**ABOUT THIS EXERCISE:** Required from the data below: the exact lines starting at the line containing "Suede Trucker Hat" and ending at the line containing "thumbnail image 1", with both ends kept and all pictures dropped.

**DATA UNDER STUDY:**
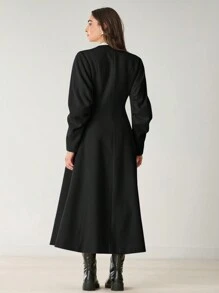 Enchnt New  Winter Products,Women's Solid Color Double-Breasted Elegant Long Sleeve Blend Coat,  Winter Women's Clothing,Warm Clothes,Winter Women Coat,For Christmas Party&Romantic Dinner Dates - Black - View 7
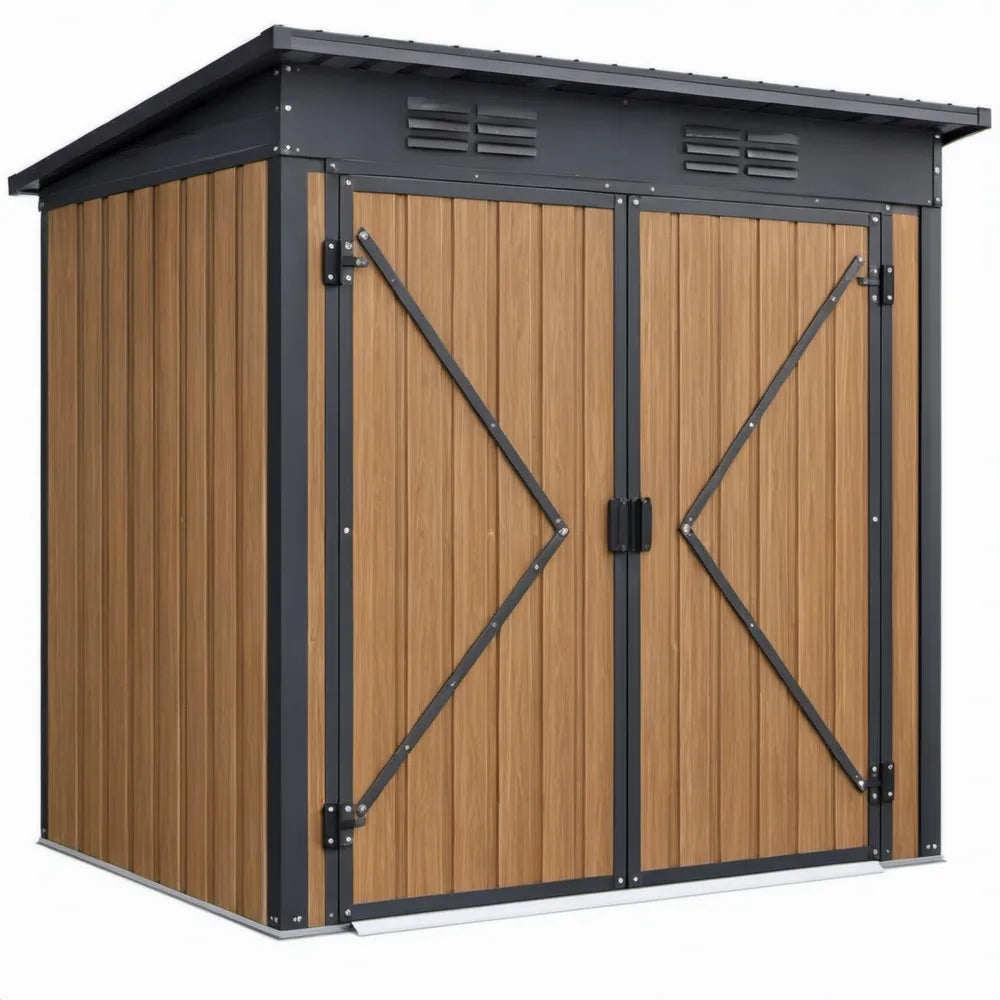 Metalen tuinhuis 213 x 130 x 185 cm – Antraciet en bruine houtlook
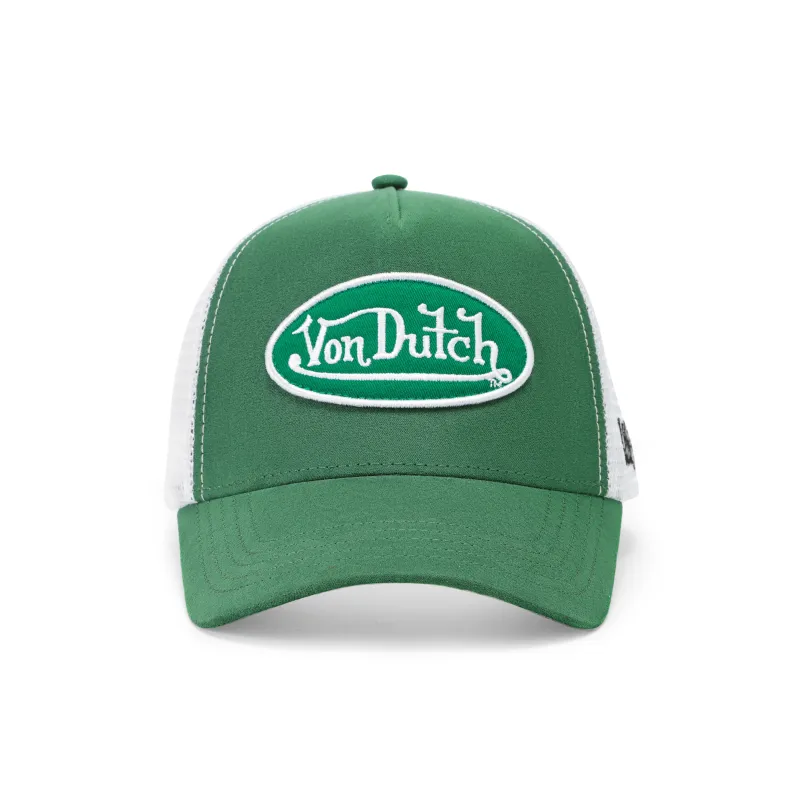 Suede Trucker Hat - Green and White made by Von Dutch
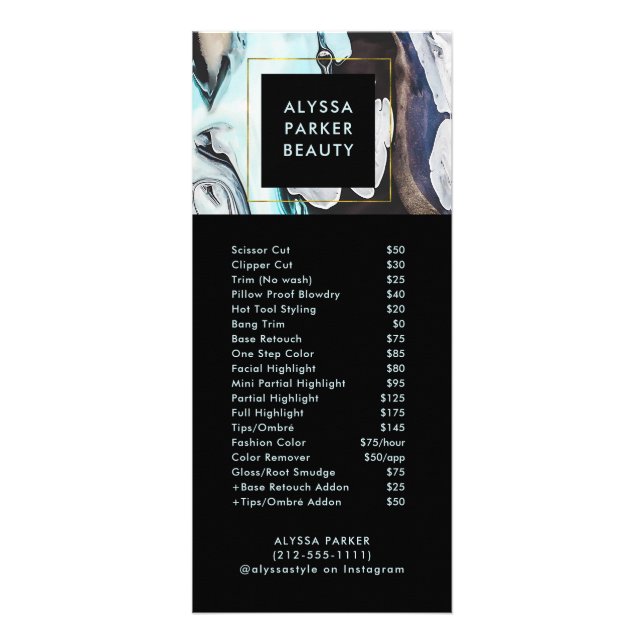 Glam Modern Ink Swirls | Salon Price List Menu (Front)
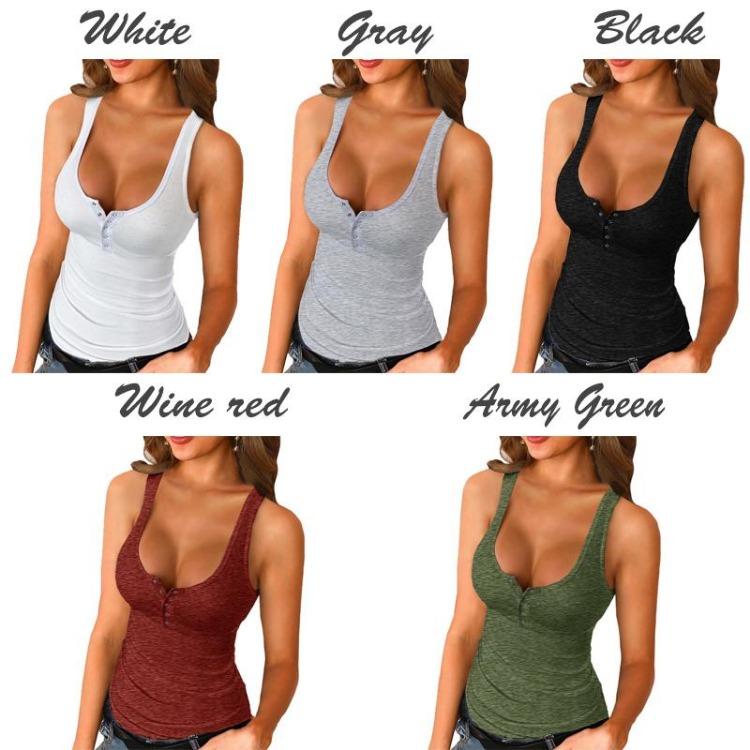 Summer Off Shoulder Casual V-neck Button Up Shirts Solid Color Tops 5 Colors Available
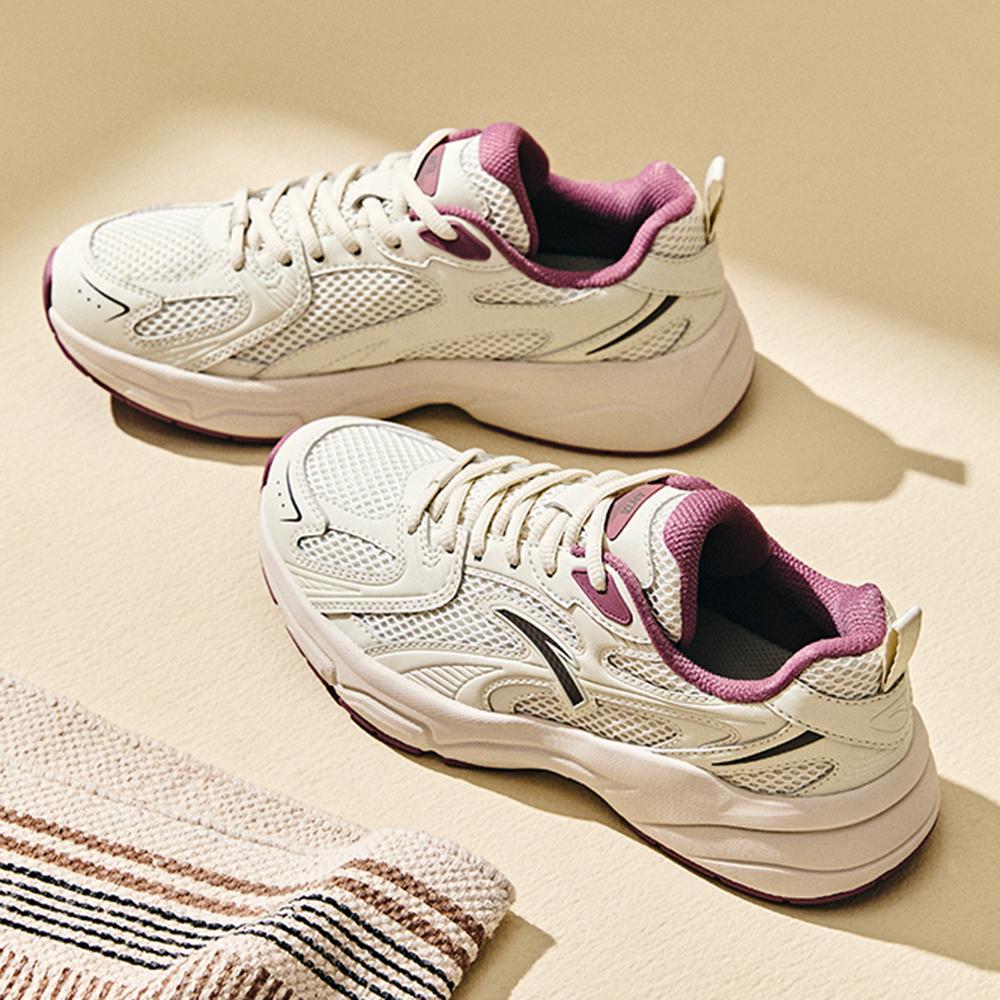 Anta Lifestyle Series AT803 Sports Retro Wear-Resistant Breathable Height-Increasing Low-Top Casual Shoes Women Casual Shoes Enamel-Gray 922538822-5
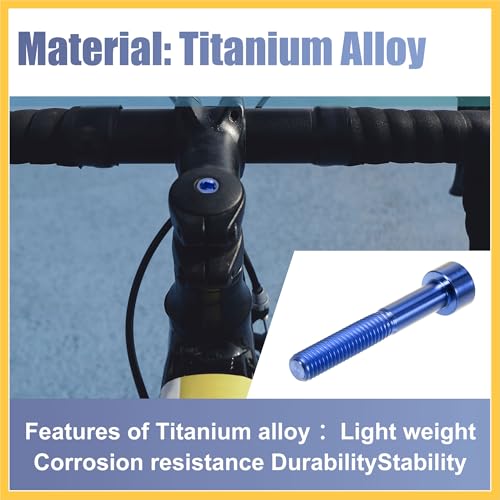 REPAIROCK Blue Universal M6x40 Bike Stem Bolt Bicycle Bike Headset Stem Bolt Bike Bicycle Accessory Auto Replacement Parts - Thumbnail 3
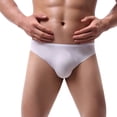 thumbnail image 1 of Uinagy Men's Solid Color Comfortable Breathable Sweat-Absorbent Ice Silk Briefs, 1 of 7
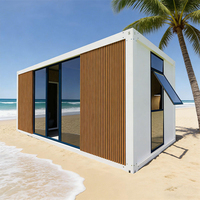 Maison conteneur de 20 pieds, Maison conteneur maritime, Conteneur préfabriqué, Maison conteneur de 20 pieds, Bureau/Villa modulaire avec mur en verre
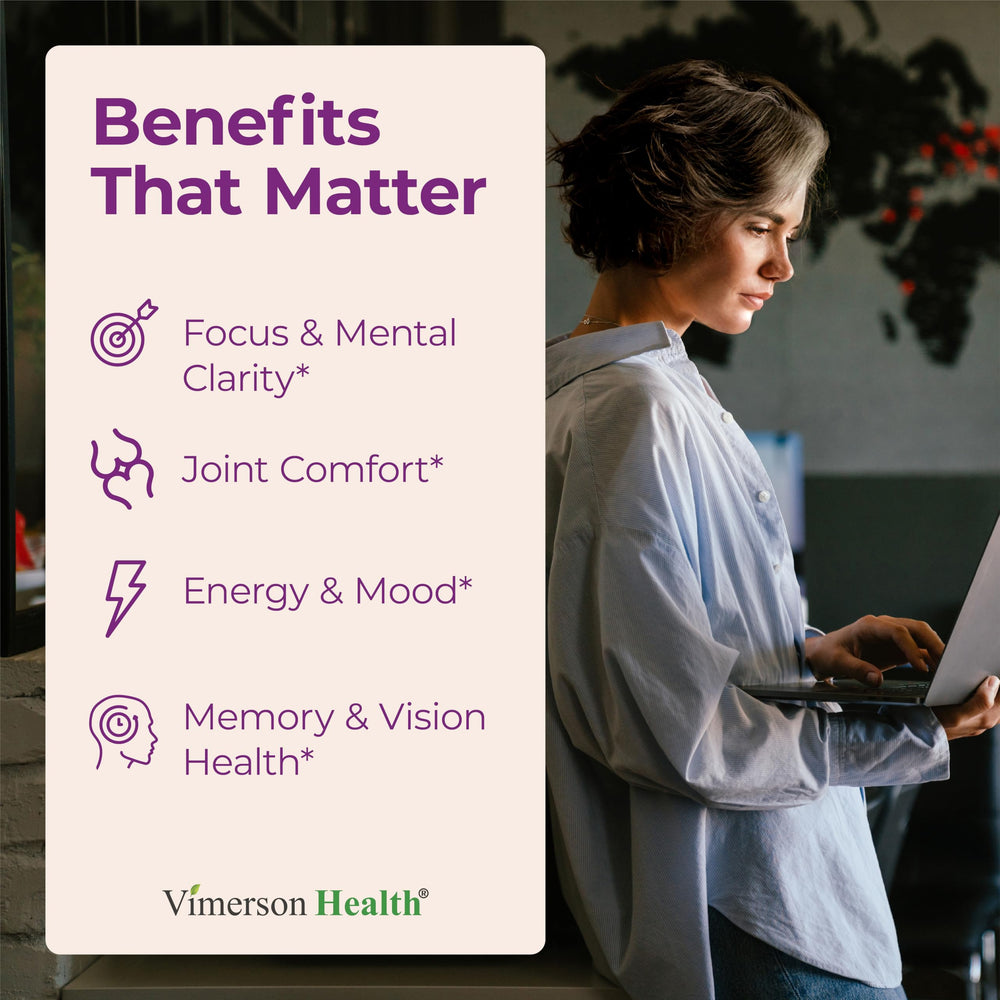 Vimerson Health turmeric curcumin capsules supporting joint comfort and mobility.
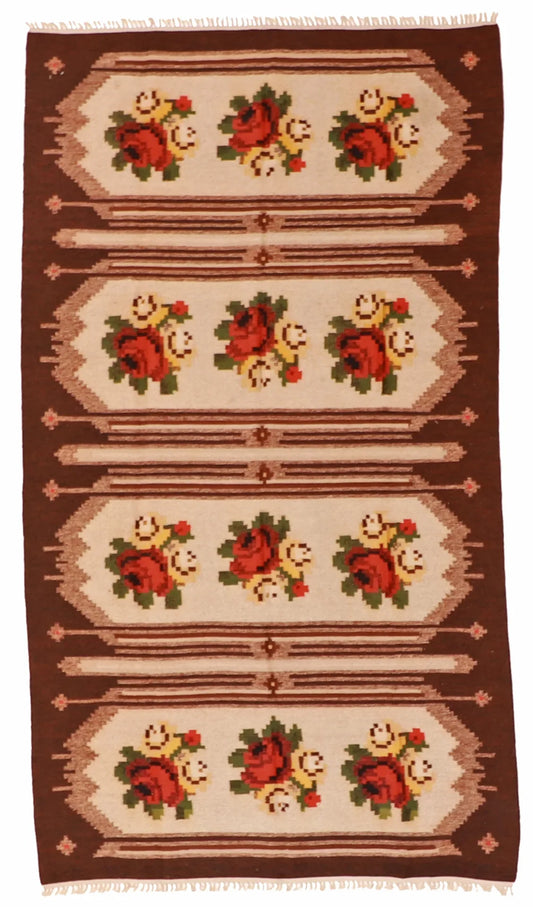 W 5 L 9 Bessarabian 100% Wool Hand-Woven Geometric Design - 11334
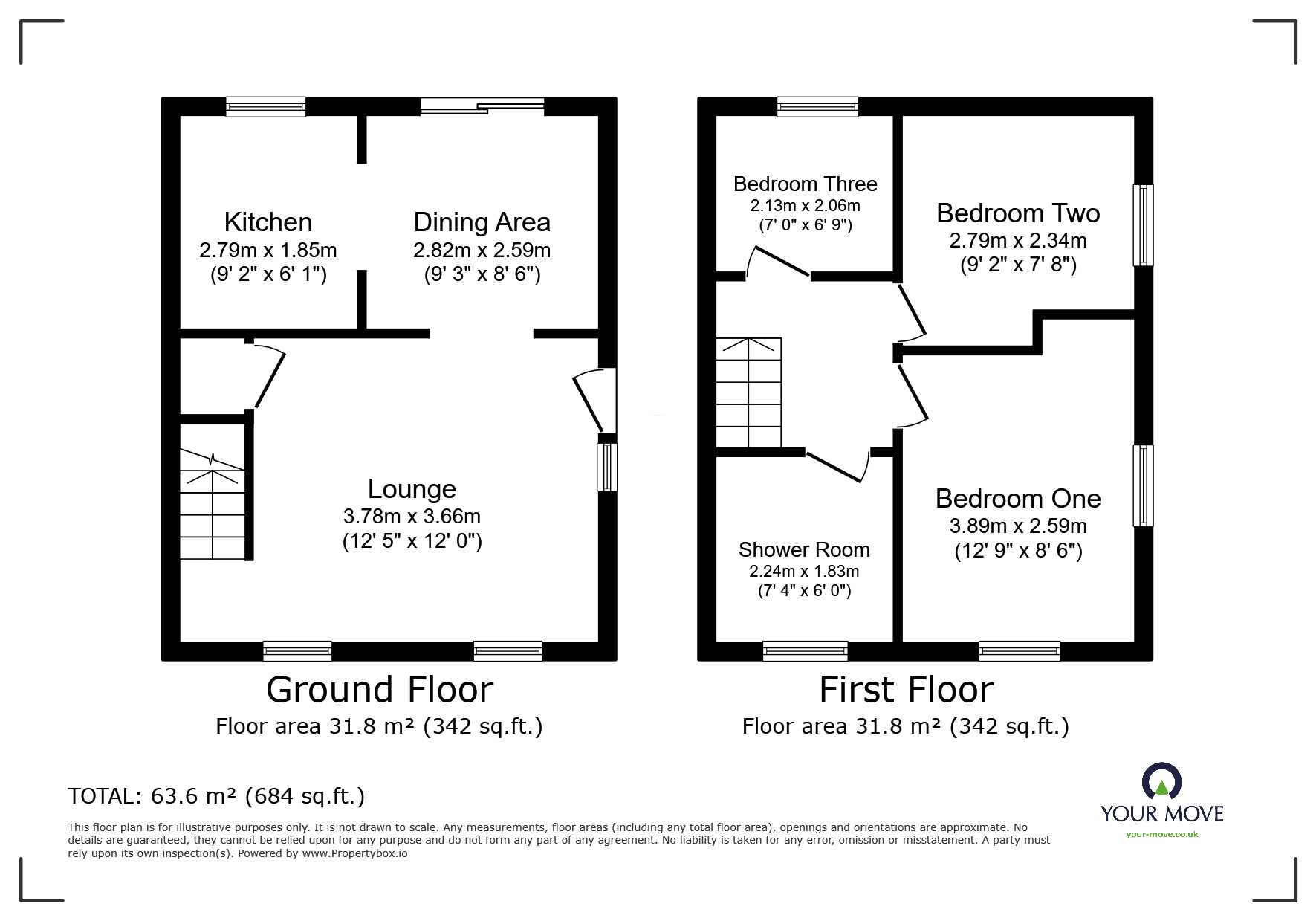 Floorplan of 3 bedroom End Terrace House for sale, Darley Dale, Church Gresley, Derbyshire, DE11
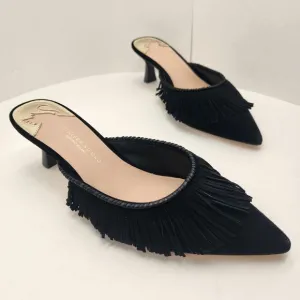 Antonio Melani Jennifer Sumko mules 9M black suede Mimi heels pointy new $130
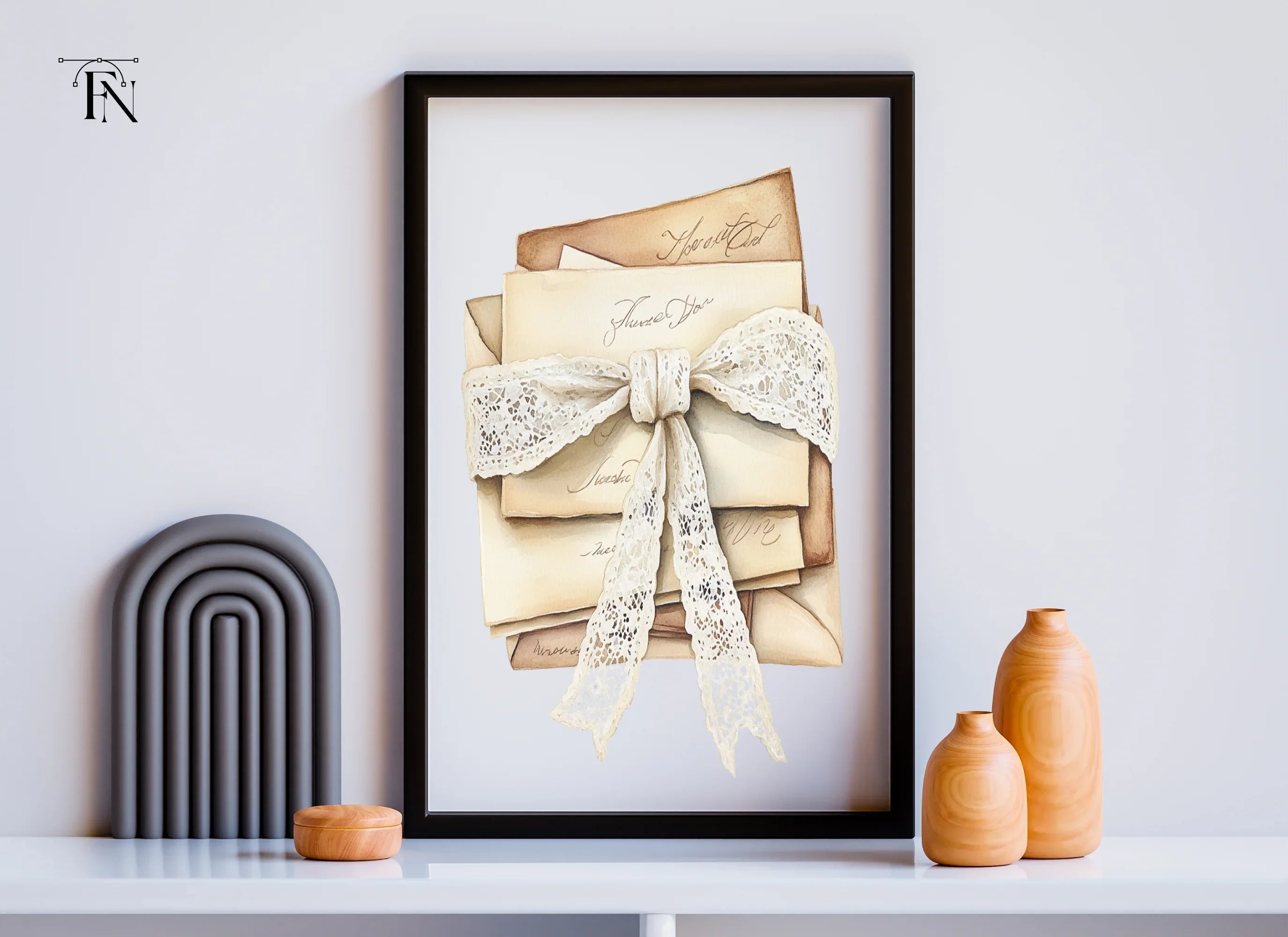 Stacked Vintage Letters with Lace Bows Clipart Bundle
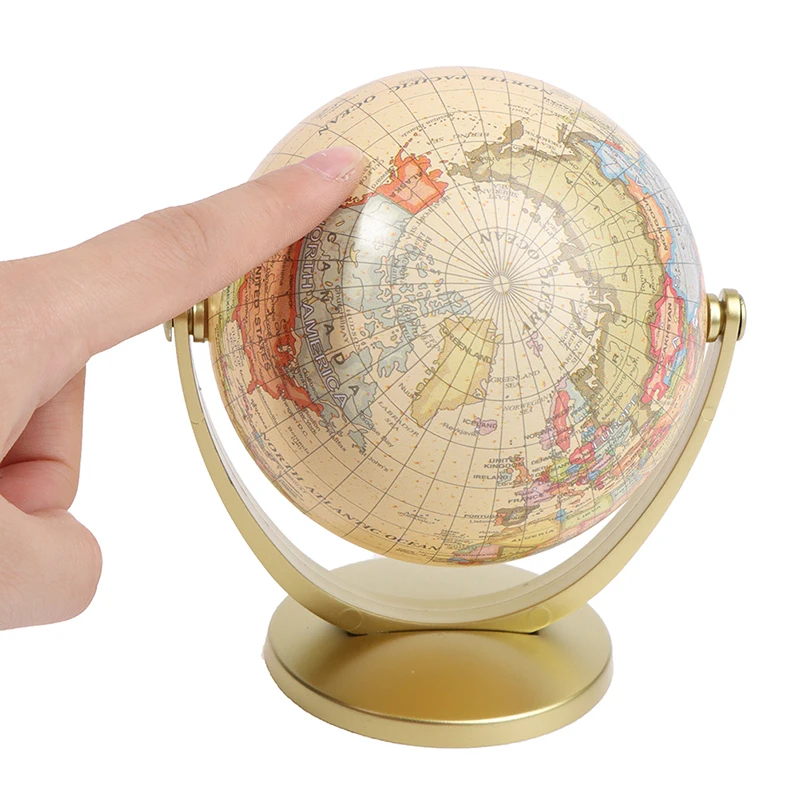 

360 Degree Rotating World Globe Earth Antique Home Office Desktop Decor Geography Educational School Supplies Kids Learning Gift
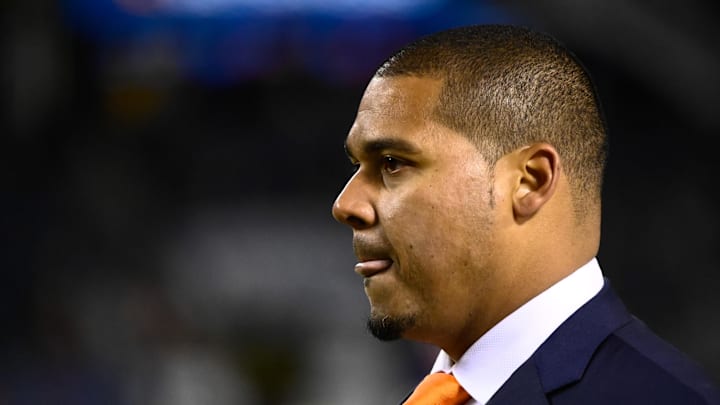 Chicago Bears GM Ryan Poles contemplates his latest tame transaction. Chicago Bears GM Ryan Poles contemplates his latest tame transaction.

**OUTPUT:**
 Suede Trucker Hat - Green and White made by Von Dutch
 Glam Modern Ink Swirls | Salon Price List Menu (Front)
 Summer Off Shoulder Casual V-neck Button Up Shirts Solid Color Tops 5 Colors Available
 Anta Lifestyle Series AT803 Sports Retro Wear-Resistant Breathable Height-Increasing Low-Top Casual Shoes Women Casual Shoes Enamel-Gray 922538822-5
 REPAIROCK Blue Universal M6x40 Bike Stem Bolt Bicycle Bike Headset Stem Bolt Bike Bicycle Accessory Auto Replacement Parts - Thumbnail 3
 thumbnail image 1 of Uinagy Men's Solid Color Comfortable Breathable Sweat-Absorbent Ice Silk Briefs, 1 of 7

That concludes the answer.